EVALUATION (5 exercises):

  1. Draw a Venn diagram for the union of sets A = {1, 2} and B = {2, 3}.
  2. Draw a Venn diagram for the intersection of sets A = {1, 3} and B = {2, 3}.
  3. Draw a Venn diagram for the complement of set A = {4, 5} in U = {1, 2, 3, 4, 5}.
  4. Use a Venn diagram to find the union of A = {1, 2} and B = {2, 3}.
  5. Use a Venn diagram to find the intersection of A = {a, b} and B = {b, c}.

 

CLASSWORK (5 questions):

  1. Draw a Venn diagram for A = {1, 2, 3} and B = {2, 3, 4}.
  2. Draw a Venn diagram for A = {a, b} and B = {b, c, d}.
  3. Solve using a Venn diagram: A = {1, 3, 5}, B = {3, 4, 5}.
  4. Draw a Venn diagram for A = {1, 2, 3} and B = {2, 3, 4, 5}.
  5. Use a Venn diagram to solve for A = {x, y}, B = {y, z}, U = {x, y, z}.

 

ASSIGNMENT (5 tasks):

  1. Draw a Venn diagram for A = {2, 4, 6}, B = {4, 5, 6}, and C = {5, 6, 7}.
  2. Solve a real-life problem using Venn diagrams: Categorize students who passed Mathematics, English, and Physics.
  3. Draw a Venn diagram for A = {apple, banana}, B = {banana, orange}, and C = {orange, mango}.
  4. Find the union of A = {1, 3} and B = {2, 3}.
  5. Find the complement of A = {x, y} in U = {x, y, z, w}.

 

PERIOD 5: Application of Venn Diagrams for up to 3 Sets

PRESENTATION:

Step

Teacher’s Activity

Student’s Activity

Step 1 - Introduction to 3-Set Venn Diagrams

Demonstrates how to use Venn diagrams for three sets and explains the concept of overlapping regions.

Students observe and ask questions about the 3-set Venn diagram.

Step 2 - Real-Life Problem Solving

Guides students through solving a real-life problem with a 3-set Venn diagram.

Students work in pairs to solve problems using 3-set Venn diagrams.

Step 3 - Practice

Provides practice problems for students to solve individually using 3-set Venn diagrams.

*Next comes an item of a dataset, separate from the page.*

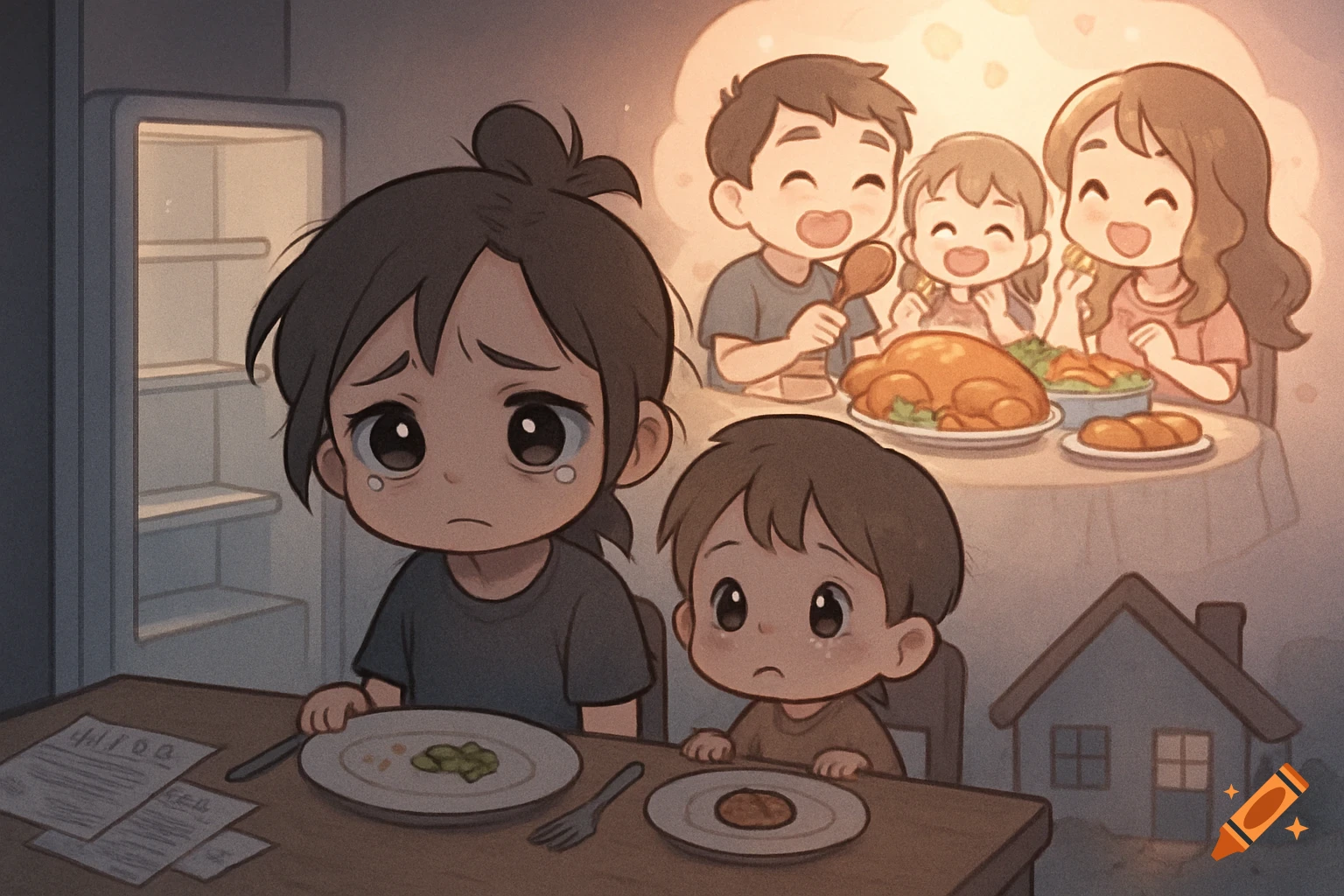 Chibi illustration showing a sad single parent and child at a bare table with an empty fridge, contrasting with a cheerful family enjoying an abundant meal.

Students work independently to draw and interpret 3-set Venn diagrams.

 

EVALUATION (5 exercises):

  1. Solve using a 3-set Venn diagram: A = {1, 2}, B = {2, 3}, C = {3, 4}.
  2. Solve using a 3-set Venn diagram: A = {apple, banana}, B = {banana, cherry}, C = {cherry, date}.
  3. Draw a 3-set Venn diagram and solve: A = {x, y, z}, B = {y, z}, C = {z, w}.
  4. Solve: A = {a, b}, B = {b, c}, C = {c, d}.
  5. Solve: A = {cat, dog}, B = {dog, fish}, C = {fish, bird}.

 

CLASSWORK (5 questions):

  1. Draw a 3-set Venn diagram for A = {1, 2}, B = {2, 3}, C = {3, 4}.
  2. Solve for A = {a, b}, B = {b, c}, C = {c, d}. 3. Draw a Venn diagram for A = {apple, banana}, B = {banana, cherry}, C = {cherry, date}. 4. Solve for A = {x, y, z}, B = {y, z}, C = {z, w}. 5. Solve: A = {cat, dog}, B = {dog, fish}, C = {fish, bird}.